WORK REQUIRED:
What you give back must match the records below word for word.

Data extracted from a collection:
▬▬▬▬▬▬
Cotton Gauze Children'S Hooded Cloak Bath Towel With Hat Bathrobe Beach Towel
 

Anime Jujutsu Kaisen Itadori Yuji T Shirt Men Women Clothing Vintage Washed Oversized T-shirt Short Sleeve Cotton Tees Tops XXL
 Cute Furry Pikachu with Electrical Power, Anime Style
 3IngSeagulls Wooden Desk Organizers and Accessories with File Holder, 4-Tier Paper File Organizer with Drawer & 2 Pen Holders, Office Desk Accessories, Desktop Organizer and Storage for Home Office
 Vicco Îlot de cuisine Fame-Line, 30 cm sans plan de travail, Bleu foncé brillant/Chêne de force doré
▬▬▬▬▬▬
RESULT OF THE TASK:
Cotton Gauze Children'S Hooded Cloak Bath Towel With Hat Bathrobe Beach Towel
 

Anime Jujutsu Kaisen Itadori Yuji T Shirt Men Women Clothing Vintage Washed Oversized T-shirt Short Sleeve Cotton Tees Tops XXL
 Cute Furry Pikachu with Electrical Power, Anime Style
 3IngSeagulls Wooden Desk Organizers and Accessories with File Holder, 4-Tier Paper File Organizer with Drawer & 2 Pen Holders, Office Desk Accessories, Desktop Organizer and Storage for Home Office
 Vicco Îlot de cuisine Fame-Line, 30 cm sans plan de travail, Bleu foncé brillant/Chêne de force doré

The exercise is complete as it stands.